As with the SMA, we'll create some price data and predict some average crossovers...

In[48]:=

prices = Table[30   + Sin[i] + 2 * i * Cos[i * i], {i, 0, 2 * Pi, 0.005}] ;

And, now let's take the moving averages we would need to predict a 200 vs 300 EMA crossover.  To use Mathematica's ExponentialSmoothing function for the EMA, we need to compute the constant we mentioned earlier...

In[53]:=

k100 = k/. period → 100 ; k300 = k /. period→300 ;

In[54]:=

ema100 = ExponentialSmoothing[prices, k100] ;

In[51]:=

ema300 = ExponentialSmoothing[prices, k300] ;

Note that, unlike the SMA case, we only need the 2 EMA's.  Also, all the data is the same length, so there's no need to drop any.  Those are nice properties!

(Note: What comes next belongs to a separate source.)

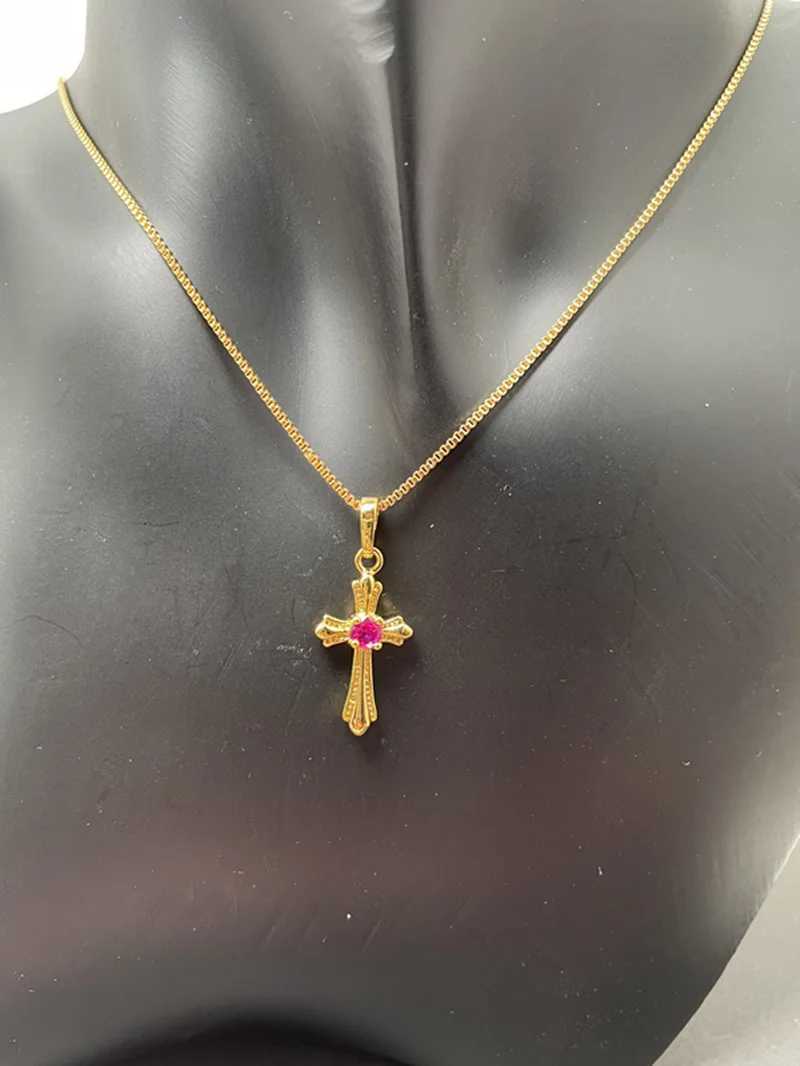 Pendanthalsband Korea Gold 24K Necklace Gold Plating Cross Necklace For Girls Jewelry Present Religion 240330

Now we can plot them together...As before, the fast 100EMA is red, and the slow 300EMA is blue.

In[55]:=

MultipleListPlot[prices, ema100, ema300, PlotJoined→ {True, False, False}, SymbolStyle→ {GrayLevel[0], RGBColor[1, 0, 0], RGBColor[0, 0, 1]}]

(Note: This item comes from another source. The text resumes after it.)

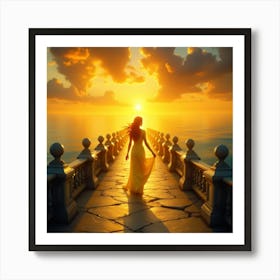 Woman Walking On A Bridge At Sunset Art Print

[Graphics:HTMLFiles/MA_Crossover_Prediction_61.gif]

Out[55]=

-Graphics -

Ok, so they clearly cross... let's generate our indicator, and check, as before.  We'll plug in 100 and 300 to get the correct constants:

In[65]:=

theETCs = etcsoln /.{f→100, s→300} ;

In[68]:=

theETCs = theETCs /. {ema[100] →ema100, ema[300] →ema300} ;

... and we'll take the sign of (our TCs - today's price) to get our oscillator:

In[70]:=

signs = Map[Sign, theETCs - prices] ;

... and plot them together:

In[71]:=

MultipleListPlot[prices, ema100, ema300, 30 + signs, PlotJoined→ {True, False, False, True}, SymbolStyle→ {GrayLevel[0], RGBColor[1, 0, 0], RGBColor[0, 0, 1], RGBColor[0, 1, 0]}]

[Graphics:HTMLFiles/MA_Crossover_Prediction_67.gif]

Out[71]=

-Graphics -

As with the SMA's it looks pretty good... let's zoom in and check further:

In[76]:=

[Graphics:HTMLFiles/MA_Crossover_Prediction_70.gif]

Out[76]=

-Graphics -

That was an accurate prediction!  Let's zoom in on another one:

In[78]:=

[Graphics:HTMLFiles/MA_Crossover_Prediction_73.gif]

Out[78]=

-Graphics -

Same Possible Improvement Possible with EMA's

Just as with the simple EMA case, you can make this indicator more optimistic by triggering on a crossover of price +/-  some amount times the stock's ATR, or something.  This would cause more false positives, but give more warning on the true predictions.  I think I'll make paintbars for this that vary their intensity by how many ATRs positive move would be needed to make the crossover happen in the next bar.  Maybe pale for 1ATR, soft for 0.5ATRs, and hot for when the TC crosses todays price.